Un tondo rosso e un merletto di un palazzo. Ovvero un pomodoro e il merletto di palazzo Gotico. L’elemento che contraddistingue Piacenza nel suo centro ed il suo prodotto agroalimentare di punta che sapientemente miscelati, con un tocco di modernità virtuale, avrebbero tutte le carte in regole per diventare il brand Piacenza, non solo in vista di Expo 2015, ma che potesse rappresentare la città nel mondo. Gli ideatori, il designer Max Casaroli e l’architetto Ponzini, sono partiti lanciando uno sguardo al mondo: Melbourne, la seconda città più popolosa dell’Australia che ha creato una grande M declinata in ogni forma e colore ed Amsterdam con la sua enorme scritta portata a spasso per la città.

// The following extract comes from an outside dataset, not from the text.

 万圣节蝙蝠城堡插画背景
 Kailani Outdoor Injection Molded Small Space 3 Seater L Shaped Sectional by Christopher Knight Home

Cosa fare allora per Piacenza? “Abbiamo preso il merletto del Gotico – spiega Casaroli – e il pomodoro, prodotto simbolo della nostra terra, li abbiamo shakerati e abbiamo pensato al ciuffetto verde del pomodoro come un insieme di merletti che a sua volta si trasforma in un hashtag, simbolo del web che unisce creando gruppi ed appartenenza”. Un simbolo che sarebbe potuto diventare il brand di Piacenza ma oggi è troppo tardi anche se Casaroli e Ponzini l’avevano presentato più di un anno fa, era piaciuto moltissimo, ma poi non si è saputo più nulla. “E’ dal 2008 che si sa che l’Expo si farà a Milano – contesta Casaroli – non si può arrivare tre settimane prima indire un bando per il brand, noi ci siamo preparati per tempo e con anticipo l’abbiamo presentato”.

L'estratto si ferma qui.